And those who are the subjects of this horrible picture are pitted against the Bolivians in the wilds of the Chaco. Why? There are many reasons. In the first place, Bolivia, the third largest country in South America, has no coast line. About two- thirds of its territory lies to the East of the Andre and the remainder is up in the mountains and extends to the West. The Gran Chaco is the northern continuation of the Argentine pampas and is the meeting ground for Bolivia, Brazil, Argentina and Paraguay. Bolivia claims title to the Chaco right up to the Paraguay River, which is a tributary of the Plate which reaches the Atlantic at Buenos Aires. And it is precisely at this point that American and British interests come into sharp conflict over tin and oil. American investments in Bolivia rose from $10,000,000 in 1913 to $135,000,000 in 1929. The Standard Oil Company of New Jersey, through its Bolivian subsidiary, obtained a 55 year concession in 7,400,000 acres of oil land. Meanwhile the Guggenheims invested $40,000,000 in the tin and copper mines.

New oil cannot be piped over the Andes and furthermore the cost of transportation for both tin and oil to the United States by way of the Andes is far in excess of what it would be by way of the Paraguay River. But, in addition, oil has also been discovered in the disputed portion of the Chace, which happens to be very rich anyway. The Paraguayans had been settling for some time in the Chaco (which is right at their back door across the Paraguay River, but many hundreds of miles from the nearest Bolivian town) and these Bolivian patriots, Rockefeller and Guggenheim, decided that they would much rather have the Chaco for themselves.
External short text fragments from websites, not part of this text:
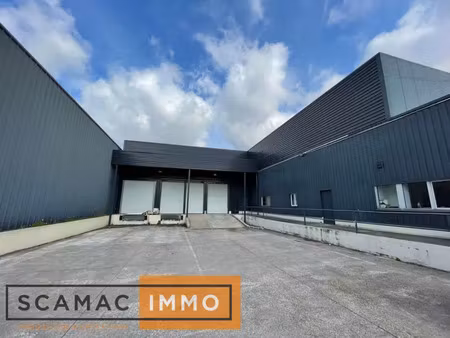 entrepôt de 850m²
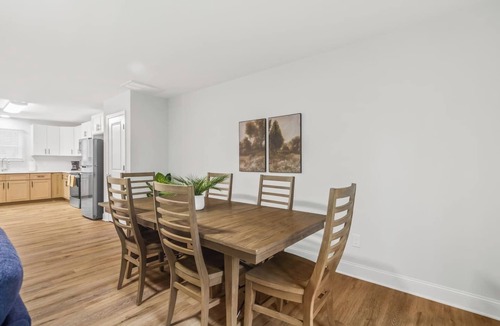 Taylors House | Cozy & Modern New-Build, 10 min to Greenville, Private Deck | Sleeps 6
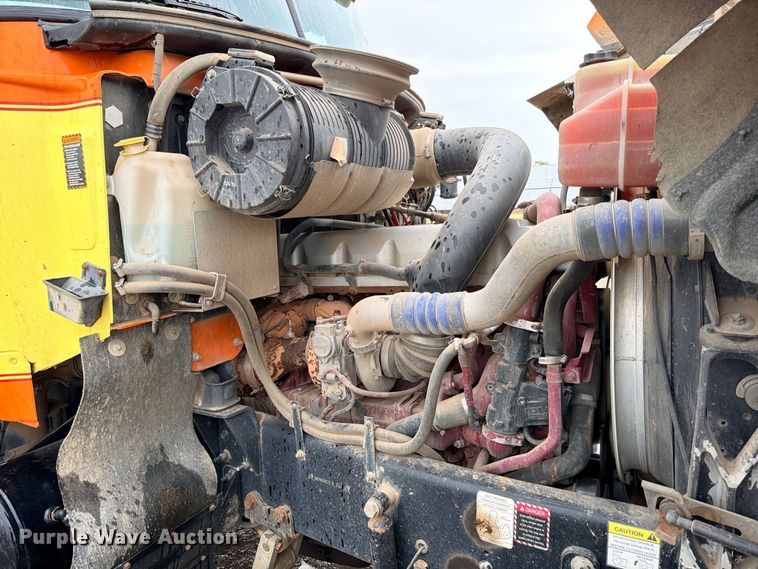 image for item ED5412 2013 Mack CHU613 fuel truck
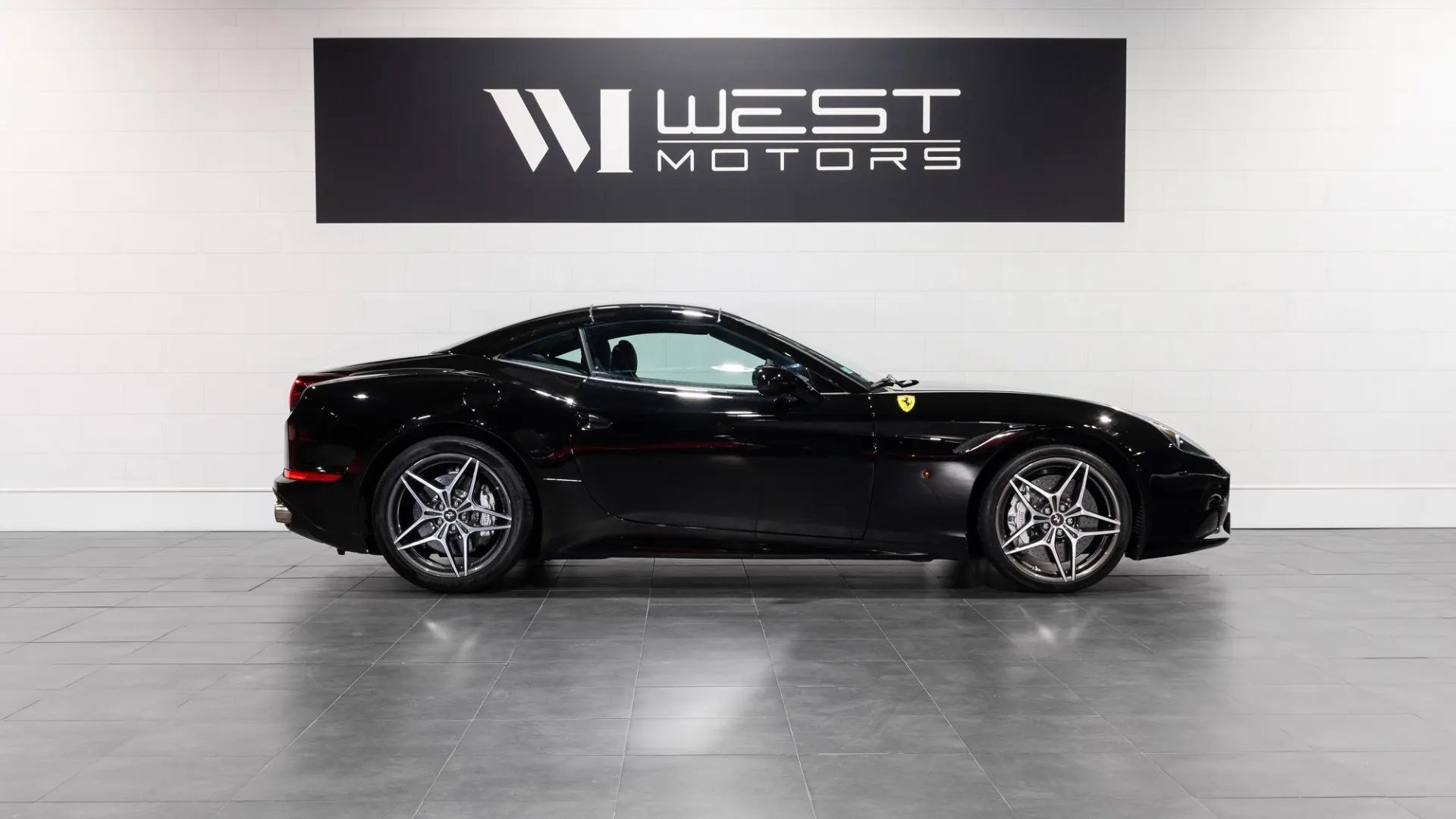 Ferrari California — photo 3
How does England come into this fight? Argentina needs oil as does every one else. In "Frontiers of Trade", former Assistant Secretary of Commerce, Klein, in 1929, wrote: "Strongly nationalistic Argentine petroleum legislation is likewise said to be the cause of some concern among American companies." Argentina owns about one half of the land in Paraguay, over three-fourths of its railways, half of its livestock and three-fifths of the total capital invested there. And England has over two billion dollars invested in Argentina, which in 1929 was almost as much as the United States had invested in the whole South American continent. Bolivia has the second largest tin deposits in the world, but because of the impossibility of smelting in Bolivia by reason of the lack of coal and the cost of transportation for smelting the English strangle hold monopoly remains.

Now just a word about tin. The British control 80% of the world's tin. The chief deposits besides Bolivia are in the Federated Malay States, Dutch East Indies and Nigeria. The supplies are being depleted and no new reserves have been found. Tin is very necessary for manufacturing machinery, automobiles, solder, tin plate, war materials and cans (armies live on canned foods). The United States uses 50% of the world's output. Here is where the British and American rivalry becomes most bitter in spite of so called understandings and agreements about the distribution of tin.
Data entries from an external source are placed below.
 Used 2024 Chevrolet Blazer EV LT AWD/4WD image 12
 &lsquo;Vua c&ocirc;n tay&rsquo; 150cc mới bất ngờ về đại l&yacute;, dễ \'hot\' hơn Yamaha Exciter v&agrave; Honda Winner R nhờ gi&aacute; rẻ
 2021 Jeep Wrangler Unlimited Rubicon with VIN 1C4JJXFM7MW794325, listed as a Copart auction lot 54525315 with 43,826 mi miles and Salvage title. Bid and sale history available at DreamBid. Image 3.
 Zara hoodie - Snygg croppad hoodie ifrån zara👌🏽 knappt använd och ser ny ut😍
The picture would not be complete without the munitions manufacturers who do their bit to keep the war going. But that's not all. They helped to start it. In 1926 Vickers Armstrong of England loaned Bolivia $9,000,000 (with a discount of 1 1/2 million) for war supplies to be purchased in England. In 1928, Dillon Read and Company and the Chase National Bank of New York did even better. Of course, Roosevelt finally, in the summer of 1934, put into effect the embargo on arms shipments to Bolivia and Paraguay, but he very carefully stipulated for the completion of those contracts, which had been made before the embargo went into effect and he also allowed the War and State Departments to use their discretion in the matter. Foreign Minister, Simon, in the House of Commons in February 1933, very piously said: "It is a horrible thing that profits should be made out of the supply of the means of provoking fighting, which is neither necessary nor just." Obviously he had no objection to fighting which was `necessary' though unjust. In December, 1934, Prime Minister MacDonald, in response to a question in the Commons, stated that it was not improper for a cabinet officer to own stock in a munitions concern so long as he was not a director of such concern. There must have been some reason for this whitewash.
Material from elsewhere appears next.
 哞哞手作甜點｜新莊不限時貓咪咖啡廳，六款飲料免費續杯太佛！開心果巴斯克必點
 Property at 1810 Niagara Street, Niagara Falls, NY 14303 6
It cannot be stressed too much that the appeal to the patriotism of the combatants in the Chaco and for the defense of the fatherland are meant to divert attention from the internal crises. As elsewhere in South America, governments and `revolutions' may come and go but the American controlled Permanent Fiscal Commission goes on forever collecting Bolivian revenues all of which have been pledged to secure the American loans.

The British have for many years maintained a monopoly on rubber, and to the efforts of Firestone in Liberia to break this monopoly has been added the $3,000,000 enterprise of Henry Ford in the Brazilian Jungle on the Tapajoz River. Oddly enough this tract has been named Fordlandia. The New York Times says in part: Fordlandia boasts of nearly 1,000 houses, built within the concession where the 4,000 and odd workers live with their families. There are storehouses, machine and repair shops, warehouses, laboratories, and an observatory. There is also a cemetery. In place of the old wage scale, the meagerness of which was hardly believable, the Fordinandia wage scale minimum is about 60 cents a day, which is more than many laborers earn in large Brazilian cities. Instead of the squalid one room adobe cabin, each worker is allotted a modern house built of wood...With this comfort iron discipline prevails. The health regulations are especially stringent and the moral life of each individual is closely watched. Infractions of the moral code mean dismissal...Stores are operated by private interests under concessions and prices are controlled by Fordlandin."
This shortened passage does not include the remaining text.